■ What is expected
Nothing but the pictures should go missing; return all the entries below exactly.
═══
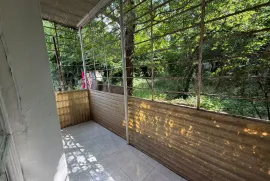 House For Sale, 4 Room, Suburbs of Tbilisi, Tskneti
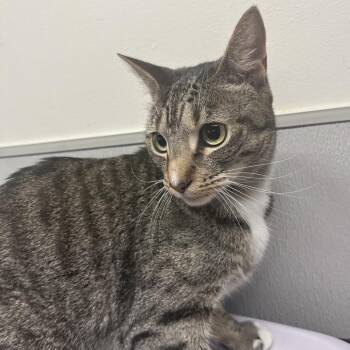 Pebbles -  Domestic Short Hair Cat for Adoption in Tampa, Florida - Pebbles | PetCurious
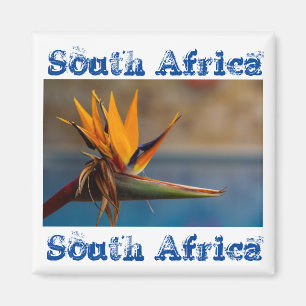 Strelitzia Flower South Africa Nature Magnet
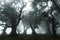 Misty laurisilva forest on Fanal,Madeira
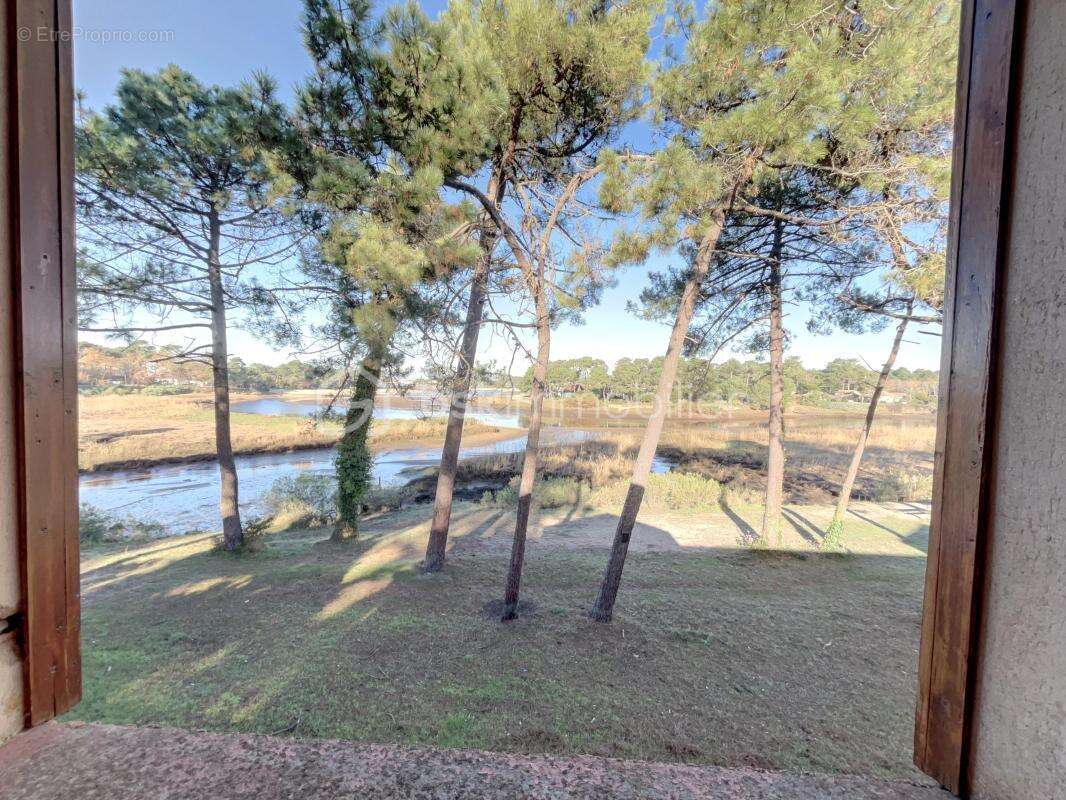 Duplex vue splendide sur le courant - Mimizan Plage - photo 8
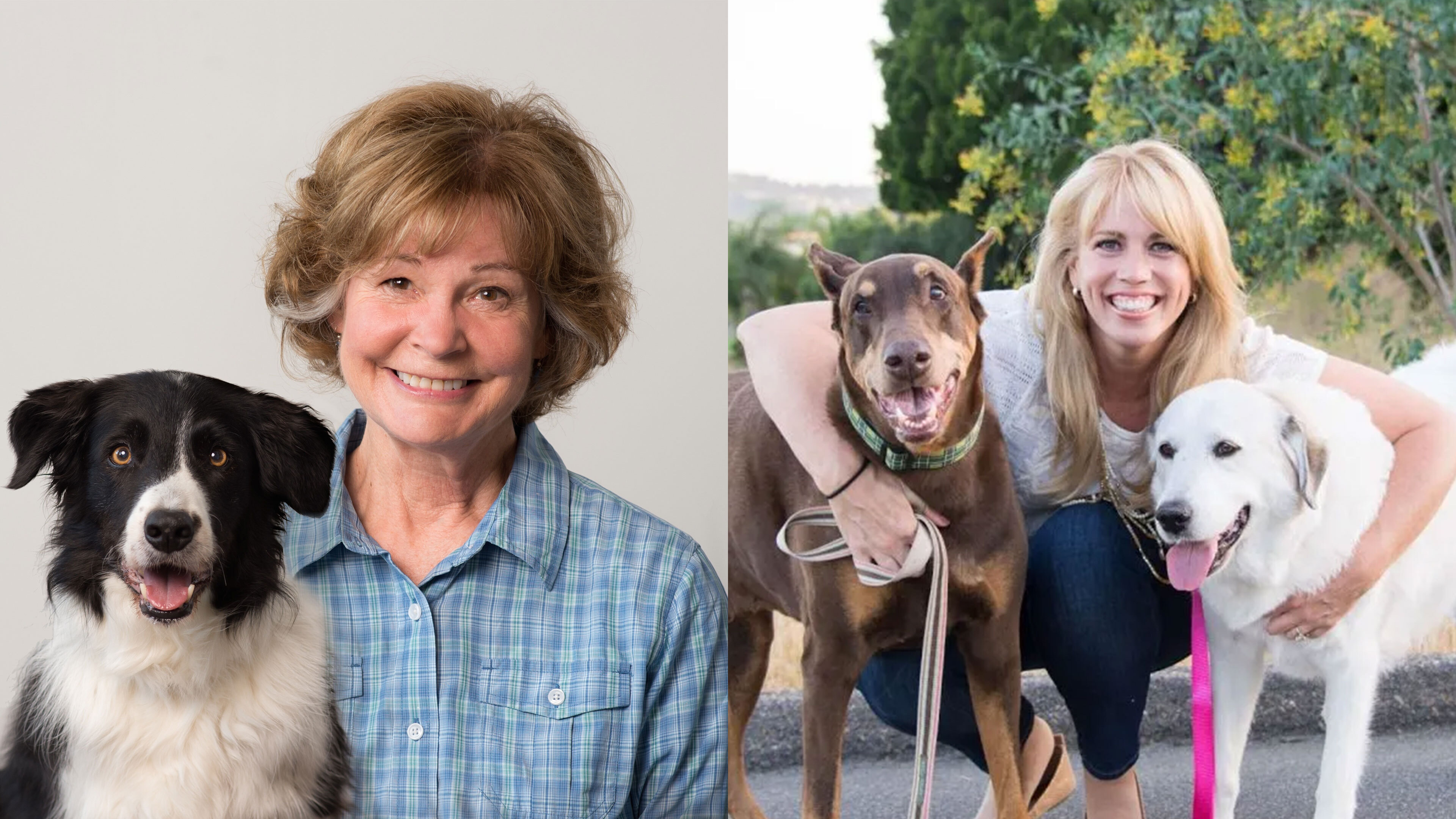 Pet CPR Essentials, Understanding Dog Behavior & Caring for Aging Pets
═══
■ Result of the task
 House For Sale, 4 Room, Suburbs of Tbilisi, Tskneti
 Pebbles -  Domestic Short Hair Cat for Adoption in Tampa, Florida - Pebbles | PetCurious
 Strelitzia Flower South Africa Nature Magnet
 Misty laurisilva forest on Fanal,Madeira
 Duplex vue splendide sur le courant - Mimizan Plage - photo 8
 Pet CPR Essentials, Understanding Dog Behavior & Caring for Aging Pets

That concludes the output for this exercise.